Interesting observations from him

Quote:I can confirm that the DM41 is much slower than the DM15/DM11 (I used my DM11L this time around). The DM41 really is a slow machine. Plenty of features, sure, but dog slow. In fact it's the slowest of them all and really not something you want to use for intensive number crunching.

Regarding the Prime, I'm guessing that it generates a list under the hood and then runs 'ΣLIST()' on it (when using the built in sum function rather than a hp ppl program, note by Pier). Now, the Prime cannot manage lists longer than 10000 elements and if you try and use the summation function on a series with more than 10000 terms then it hangs and you need to press the Reset button on the back.

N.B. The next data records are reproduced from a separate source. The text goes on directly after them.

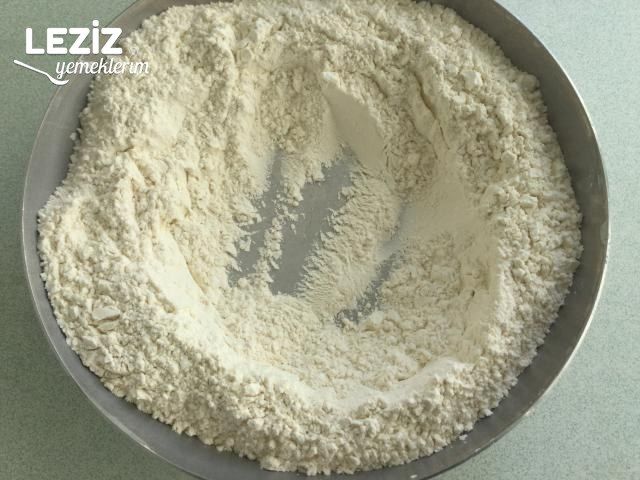 Nişastalı Puf Poğaça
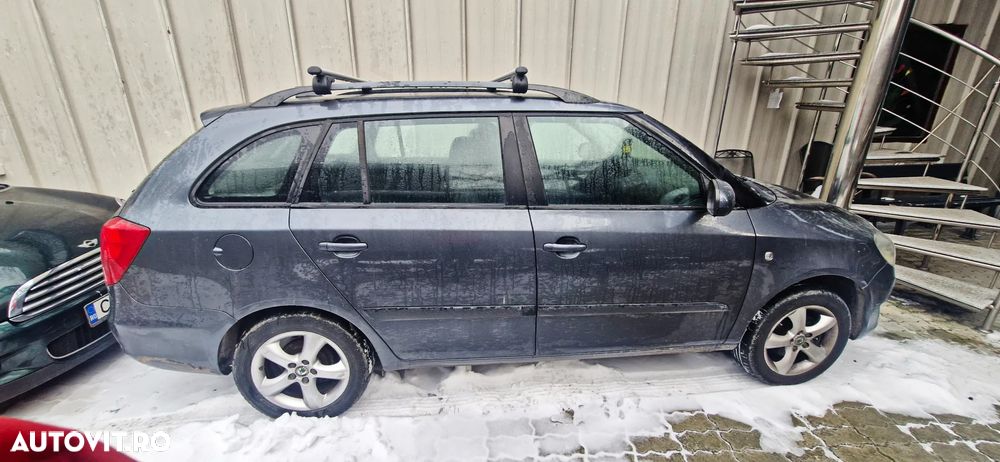 Skoda Fabia - 3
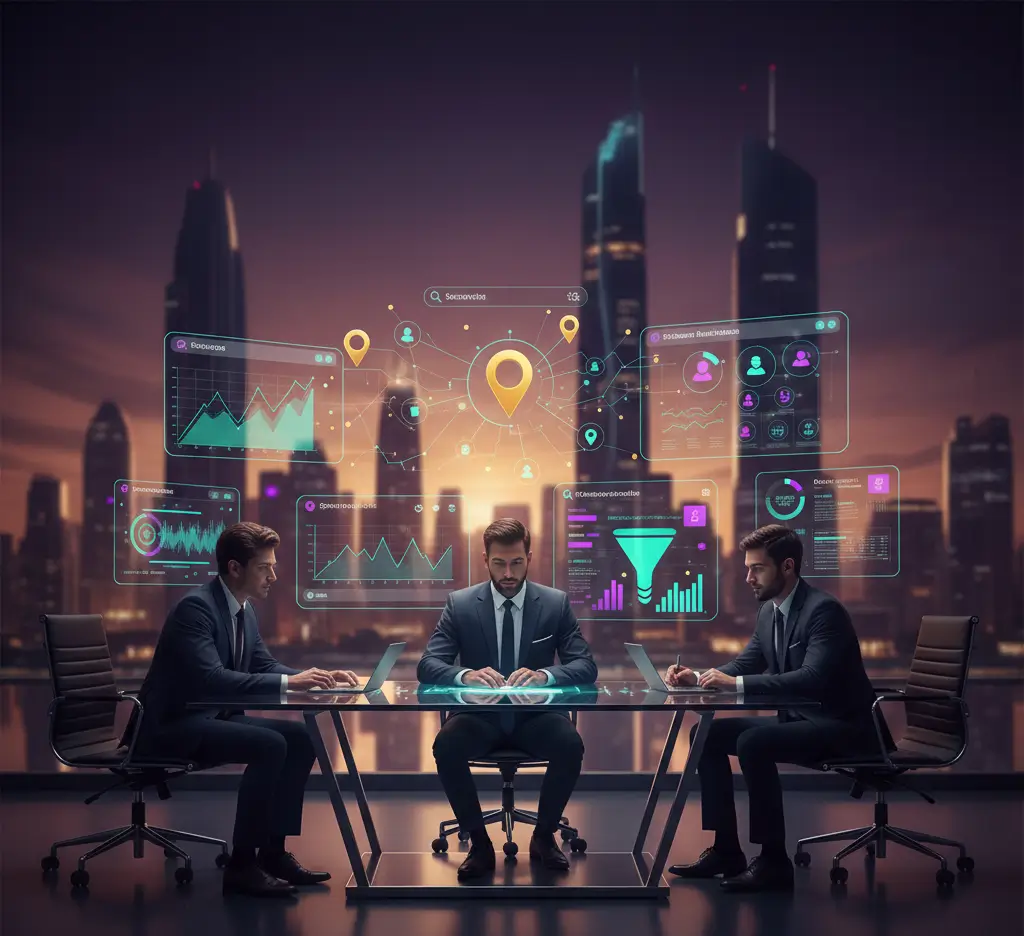 SEO agency in Abu Dhabi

Given the results so far I would say.

- Impressive the 991ex, pretty quick for its price. In general the flagship casio products are all quite competitive.
- the prime is on par with the nspire when using the internal sum function but the limit of 10000 entries sounds bad (although few would use more than 10000 entries).
- the prime hp ppl is impressive. 10 times faster than any other calculator reported. (I guess lua with the nspire would reach a similar speed, but it is unusable from the calculator)
- the hp 50g summation is more advanced than a userRPL for loop. Well done. Plus it still holds its ground after years. For example in comparison versus the new primz.
- newRPL pushes the 50g greatly, well done.
- the dm42 is fricking fast. Especially compared to other swissmicro products.
- the first nspire (from 2006) is still competitive. Therefore the main systems did not change much in the nspire.
- I learned that the ti 89 has quintillions of apps (really, quintillions), but in terms of speed the real competitor was the 48 series. The 50g has almost the double of the speed.
- hp 35s . Suprisingly slow! I was expecting the speed of the 15 LE.

Still missing:
- a 41 version
- 41 CL
- 12C (recent)
- 15C
- 71B
- 67
- 34S
- Casio classpad (if possible 300 . We got the 400)
- Some sharpr PC
- other interesting calculators (the casio fx5008p for example)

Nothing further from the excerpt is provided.